(Beginning of Source information)

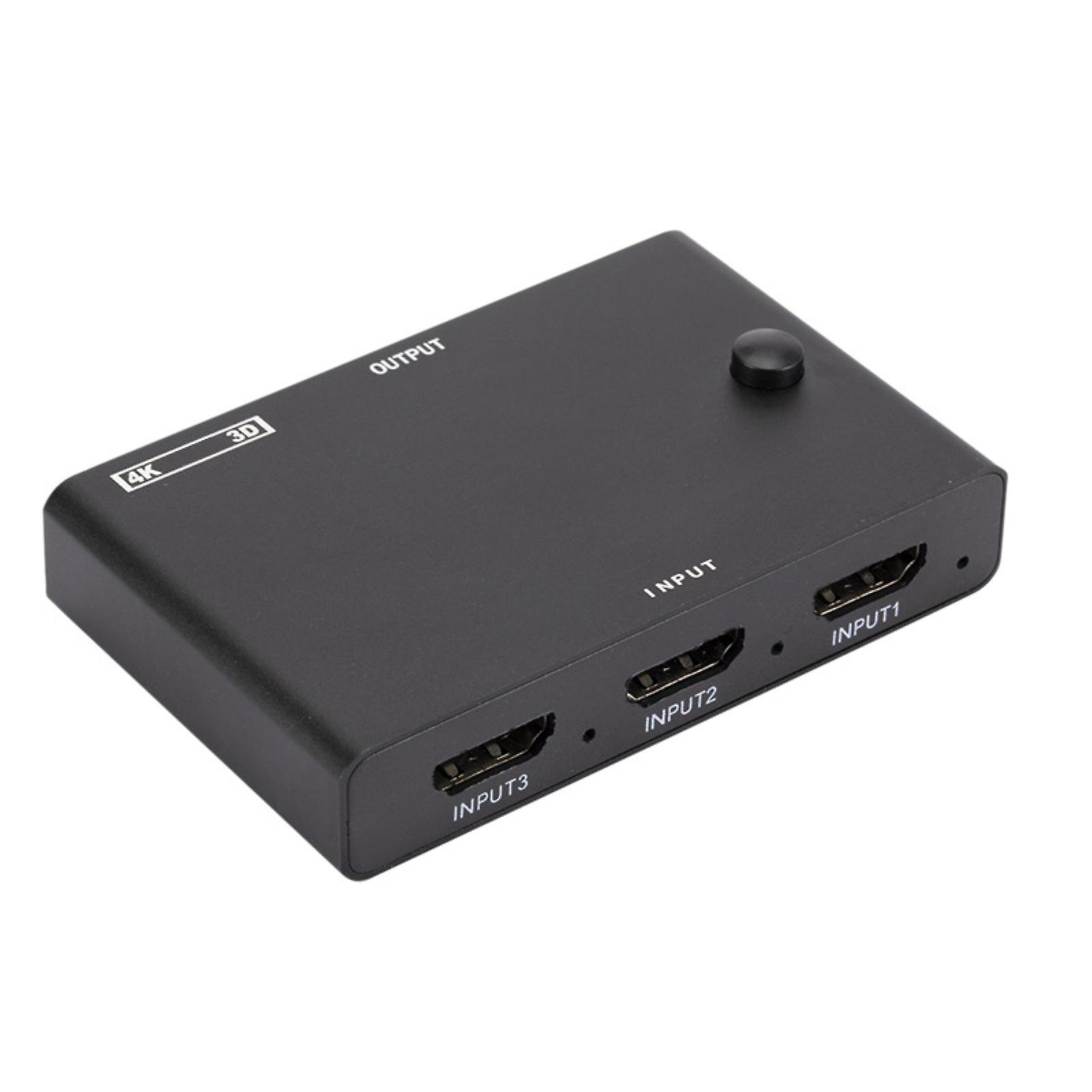 Video Switcher High Resolution Stable Output 4K x 2K 3 to 1 HDMI-compatible Video Splitter Adapter for Monitor
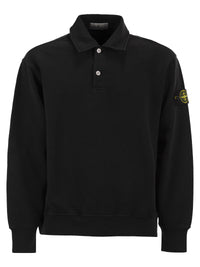 Stone Island Men Cotton Sweatshirt With Polo Collar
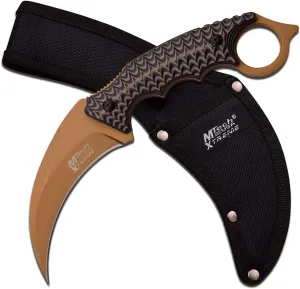 MTECH USA Xtreme – Fixed Blade Knife – Brown TiNite Coated Stainless Steel Hawkbill Blade with Black and Brown G10 Handle and 1680D Nylon Sheath, Full Tang Construction, EDC, Tactical – MX-8140BN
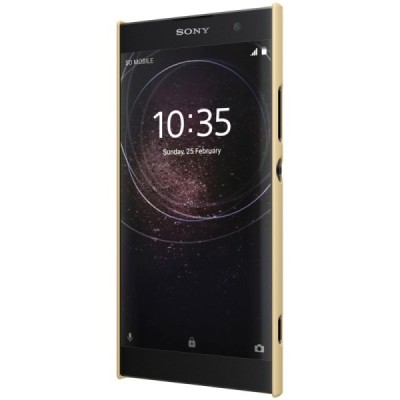 Nillkin Frosted Shield Sony Xperia XA2 (XA2 Dual) zelta plastmasas futrālis + ekrāna aizsargplēve / Vacins.lv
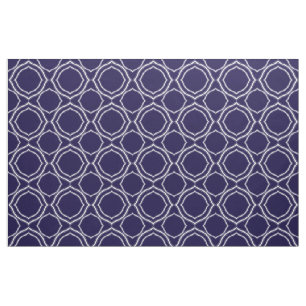 White Quatrefoil on Midnight Blue Background Fabric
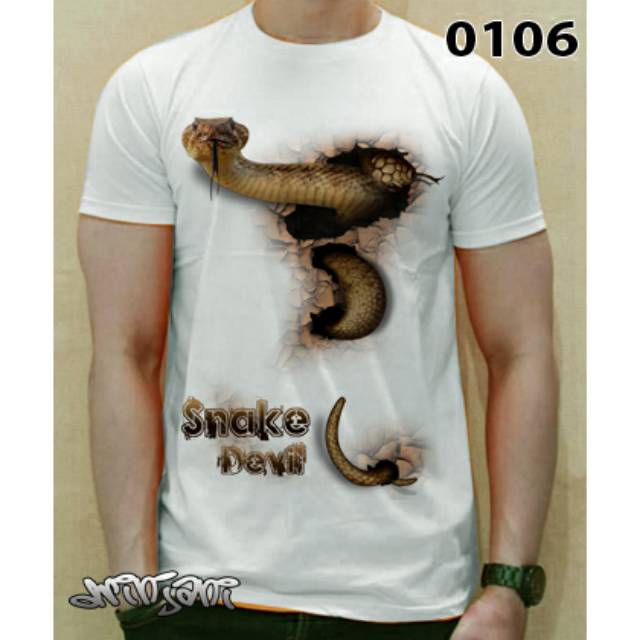Kaos 3d binatang hewan snake ular cobra sanca piton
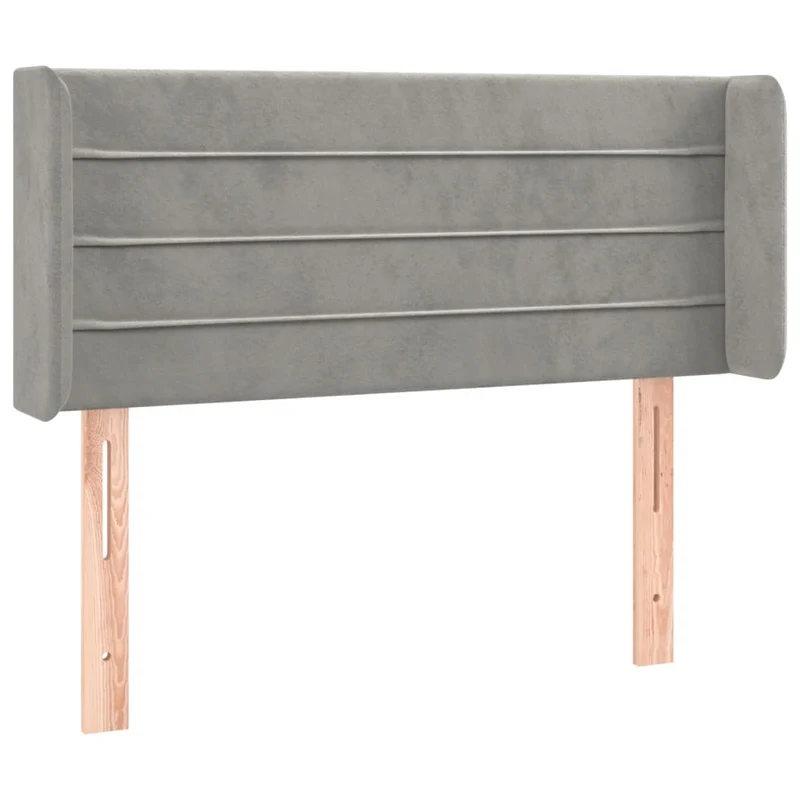 Tête de lit accessoire couchage chambre à coucher meuble à LED 83 x 16 x 78/88 cm tissu velours gris clair TDL0201245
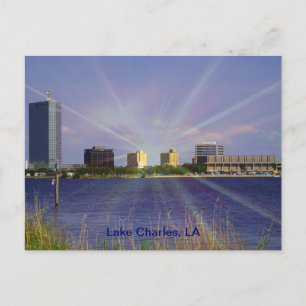 Sjö Charles, LA Skyline med Sunburst Vykort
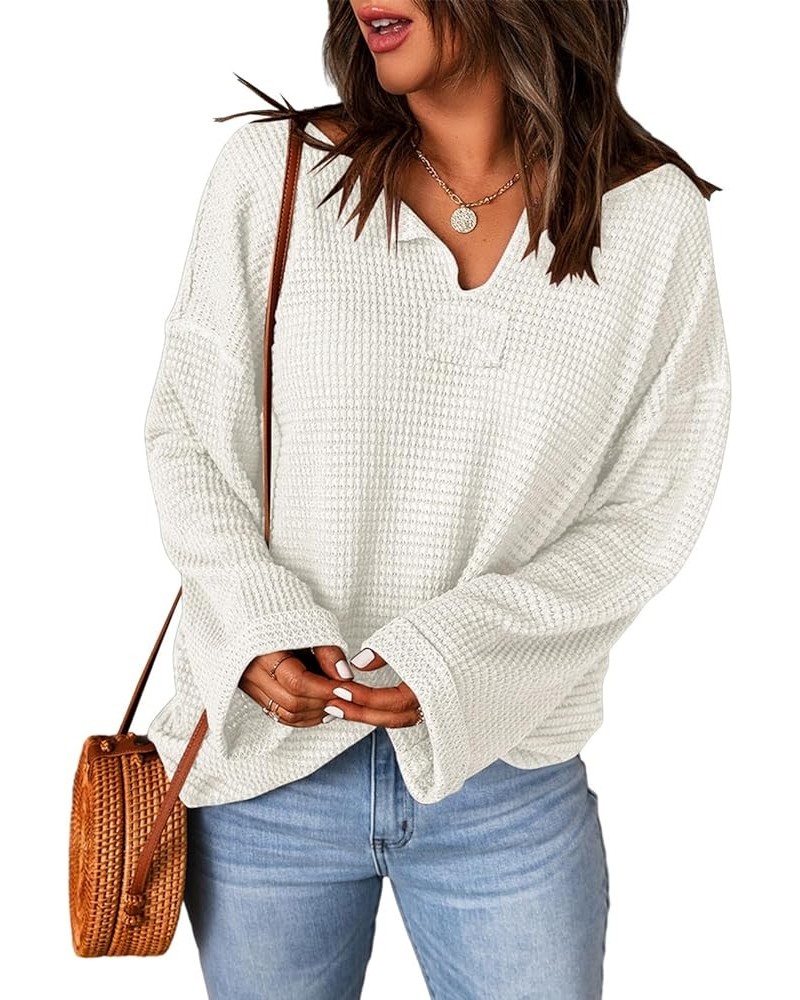 Womens Long Sleeve Tops 2024 Casual V Neck Waffle Knit Tunic Shirts Lightweight Oversized Pullover A Apricot $13.85 Tops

(End of Source information)

[Exercise requirements] Output the records above in their entirety and exactly, leaving out all images.

[Answer section]
 Video Switcher High Resolution Stable Output 4K x 2K 3 to 1 HDMI-compatible Video Splitter Adapter for Monitor
 Stone Island Men Cotton Sweatshirt With Polo Collar
 MTECH USA Xtreme – Fixed Blade Knife – Brown TiNite Coated Stainless Steel Hawkbill Blade with Black and Brown G10 Handle and 1680D Nylon Sheath, Full Tang Construction, EDC, Tactical – MX-8140BN
 Nillkin Frosted Shield Sony Xperia XA2 (XA2 Dual) zelta plastmasas futrālis + ekrāna aizsargplēve / Vacins.lv
 White Quatrefoil on Midnight Blue Background Fabric
Kaos 3d binatang hewan snake ular cobra sanca piton
 Tête de lit accessoire couchage chambre à coucher meuble à LED 83 x 16 x 78/88 cm tissu velours gris clair TDL0201245
 Sjö Charles, LA Skyline med Sunburst Vykort
 Womens Long Sleeve Tops 2024 Casual V Neck Waffle Knit Tunic Shirts Lightweight Oversized Pullover A Apricot $13.85 Tops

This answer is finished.